The further into the development cycle performance testing occurs, the more costly it is to fix performance bugs.[2]
Over the years, methodologies have developed to allow functional tests to be performed earlier in the development lifecycle, reducing the time between functional regressions being introduced and discovered.
This has the benefits of;
Push earlier into development cycle
Discover quality issues more quickly
Reduce cost to fix
Reduce test & deploy cycles
Functional issues are typically easier to fix than Performance issues because they involve specific, reproducible errors in the software’s behavior; therefore, performance testing should be "Shifted-Left" in the same way that functional testing has been
What does it mean to Shift left?
In the traditional Waterfall model for software development, shift left means pushing tests earlier into the development cycle;

In the Agile world
For continually delivered services, "shifting left" incudes an additional dimension;

Not only do we want to include performance tests earlier in the dev/release cycle, we also want to ensure that the full suite of performance tests (or any proxy performance tests) captures performance regressions before multiple release cycles have occurred.

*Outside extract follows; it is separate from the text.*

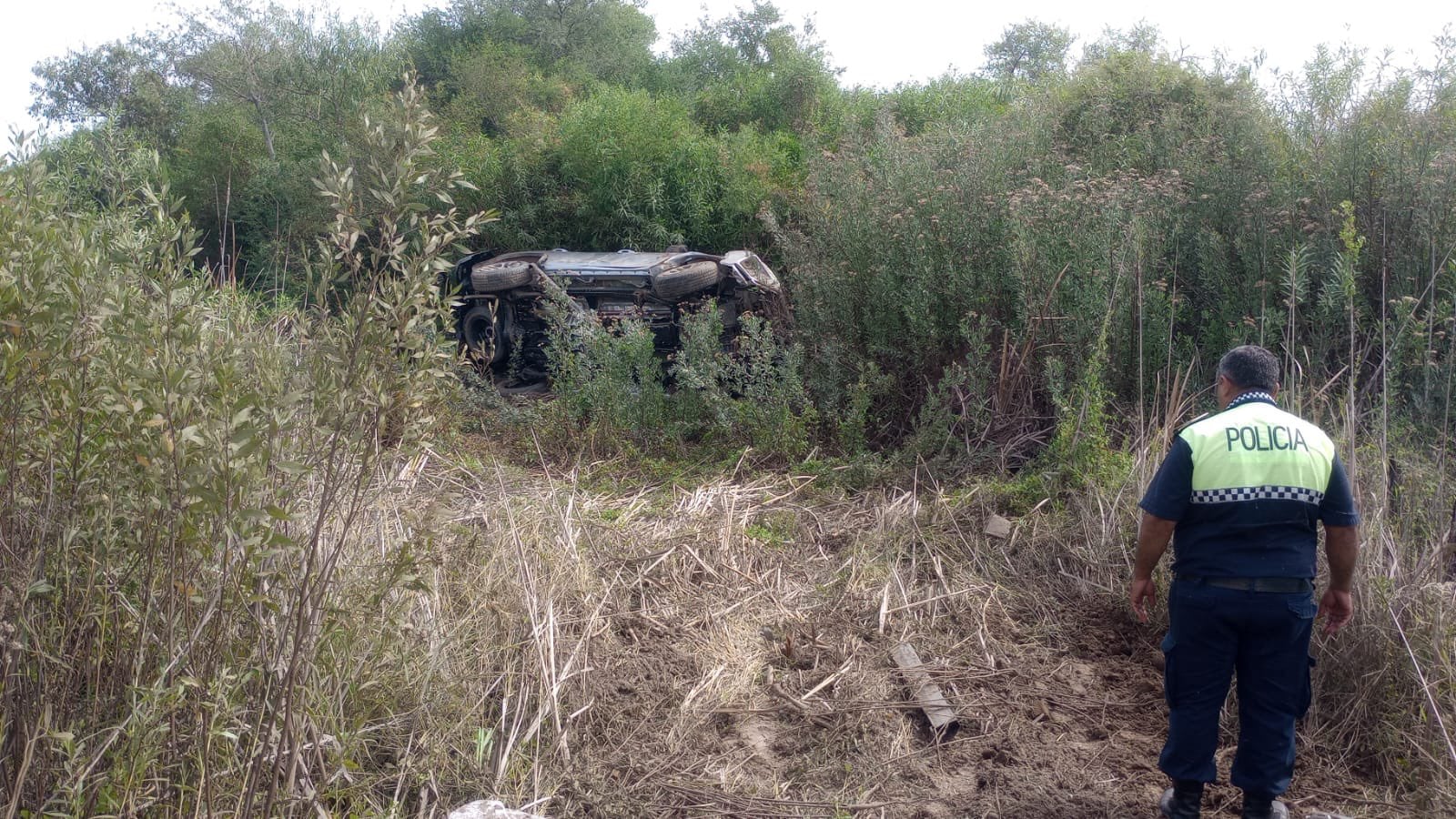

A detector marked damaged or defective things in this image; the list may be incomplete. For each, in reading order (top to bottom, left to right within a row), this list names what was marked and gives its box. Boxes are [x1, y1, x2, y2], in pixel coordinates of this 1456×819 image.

overturned car [442, 245, 792, 384]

Risks in the managed service world
Managed services changes the risk associated with a software product;
Multiple, Rapid dev cycles; the time period between development and release is greatly reduced
Probability of releasing a product with a performance regression increased
Performance Regressions will effect all customers, immediately
Performance Shift-Left Workflow
In order to manage the changed risk profile of managed services compared to boxed products, an new methodology is required;

In a "Shifted-left" model;
Code Repository Bots allow performance engineers to initiate Upstream Performance Tests against open Pull Requests, returning comparative performance data to workflow that the engineer uses in the day-to-day job.

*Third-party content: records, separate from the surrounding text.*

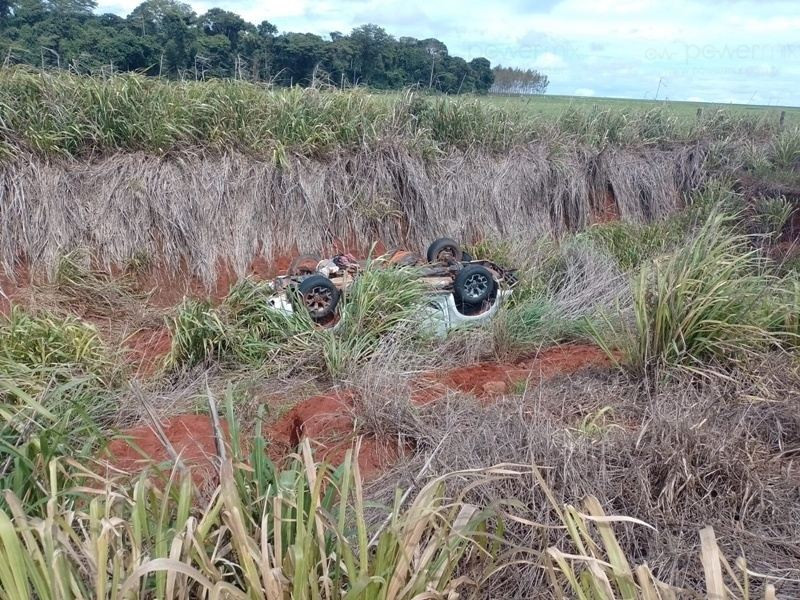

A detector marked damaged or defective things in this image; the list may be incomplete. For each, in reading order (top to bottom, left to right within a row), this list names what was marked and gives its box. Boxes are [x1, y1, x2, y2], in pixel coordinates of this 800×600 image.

exposed wheel [290, 253, 320, 276]
exposed wheel [424, 237, 462, 262]
exposed wheel [296, 276, 340, 322]
overturned vehicle [268, 238, 520, 332]
exposed wheel [456, 266, 494, 304]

Integrated Performance Threshold tests provide automated gating of acceptable levels of performance
Continual Performance Testing allows for analyzing trends over time, scaling, soak and chaos type testing, asynchronously from the CI/CD build pipeline
Automated Regression Detection provides automated tooling for detecting catastrophic performance regression related to a single commit, or creeps in performance degradation over time
Continual analysis is performed by experienced engineers, but the process does not require manual intervention with each release.

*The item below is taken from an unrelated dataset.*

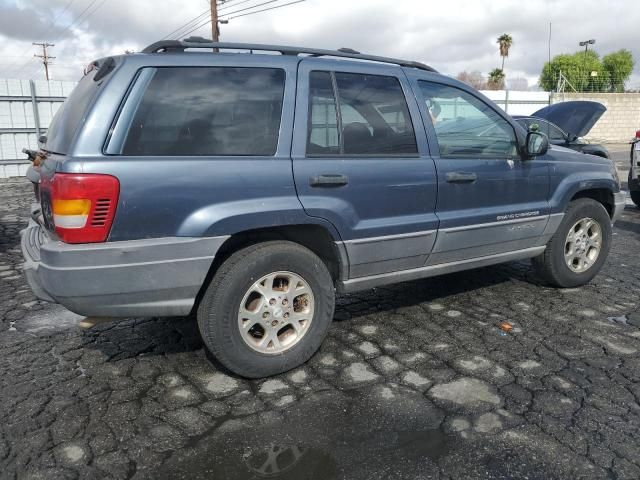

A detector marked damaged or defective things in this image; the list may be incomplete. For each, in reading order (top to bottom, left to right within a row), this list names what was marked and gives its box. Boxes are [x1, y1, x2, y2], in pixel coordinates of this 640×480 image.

cracked asphalt [1, 168, 640, 476]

Engineers are free to focus on implementing features and not worry about performance regressions. When regressions are detected, the information they need to identify the root cause is readily available, in a suitable format.
Code Repository Bots
Code Repository Bots initiate performance tests against PR’s. Their purpose is to allow engineers to make a decision on whether to merge a PR or not. The results need to be actionable by engineers. Profiling data should also be provide to allow engineers to understand what their changes are doing
Receive report & analysis of impact of changes to key performance metrics
Allow automated capture of profiling data of system under load, allowing engineers to see what their changes are doing under realistic scenarios
Triggered from CI/CD pipeline
Automatic / Manual
Performance Results reported in PR
Actionable data for engineers (results/profiles added the PR’s to keep all information co-located for each PR)
Integrated Performance Thresholds
The aim of Integrated Performance Tests is to determine whether a release meets acceptable levels of performance with respect to customer expectations, not to capture changes over time. The results need to be automatically calculated and should provide a boolean Pass/Fail result.
Pass/Fail criteria - the same as functional tests, the performance should be either be acceptable, or not-acceptable
Fully automated - not manual intervention / analysis
Focused on user experience
Threshold based?
Integrated with QE tools
Portable Tests
Limits Thresholds defined by CPT
Continual Performance Testing
The aim of Continual Performance Testing is to perform larger scale performance workloads, that can take time to perform.
These tests can include;
Large scale end-to-end testing
Soak tests
Chaos Testing
Trend analysis
Scale testing
Automated tuning of environment
Detailed profiling and analysis work
Automatic Change Detection
Automated tools that allow detection of changes in key performance metrics over time. Tools such as Horreum[3] can be configured to monitor key performance metrics for particular products and cen be integrated into existing workflows and tools to raise alerts/block build pipelines when a significant change is detected.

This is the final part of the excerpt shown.